Unlike Richard Dawkins, who seems to have his knickers in a twist about even reading fairy tales to kids, I have no major problem with having kids believe in magical beings. Their lives are filled with imaginary beings, from the Easter Bunny, to the Tooth Fairy, to the Three Magic Kings and Santa Claus. When a child straddles cultures, like my daughter, they’re nearly doubled. What’s another one going to do? While Dawkins claims to never have believed in Santa – which might be a reason he’s such a dour sonofabitch – my daughter does, and furthermore believes that he comes when she goes to Ireland, where he’s called Santy.

Looking at it scientifically, I can’t see any difference between having her believe in a big magical old guy with a beard who brings gifts to good kids and lumps of coal to the bold, and another magical old guy with a beard who rewards the good with a nice afterlife and makes the bold burn in fiery coals of hell. (Hell, a place that the pope doesn’t even believe in any more, making it worthless even as a children’s swear.) I’ve said that before. The advantage of God, is that the threat of his displeasure works all year round, not just before Christmas.

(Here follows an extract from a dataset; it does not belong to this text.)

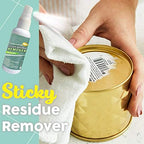 Sticky Residue Remover - Image 7 | Sub Ka Mart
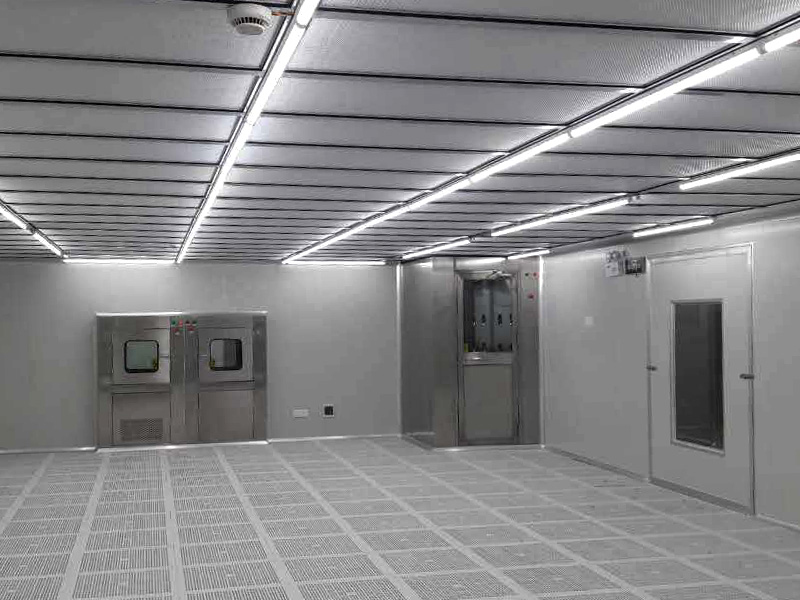 剛裝修的無塵車間多久可以投入使用?最全指南為你解答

While Dawkins is against all magic, the extremists on the other side of the divide would, ironically, probably agree with him about fairytales – they were the wankers who said reading Harry Potter would make kids want to practice magic etc. at the same time failing to see that religion is nothing other than a belief in magic – though our parish priest (the one informing my daughter about her friend Jesus) has basically admitted in mass that the miracle of the loaves and the fishes was at best a bit of hand-quicker-than-the-eye trickery if not just a show of solidarity that got the crowd moving: the old, you show yours first and then I’ll show mine after routine with the grub.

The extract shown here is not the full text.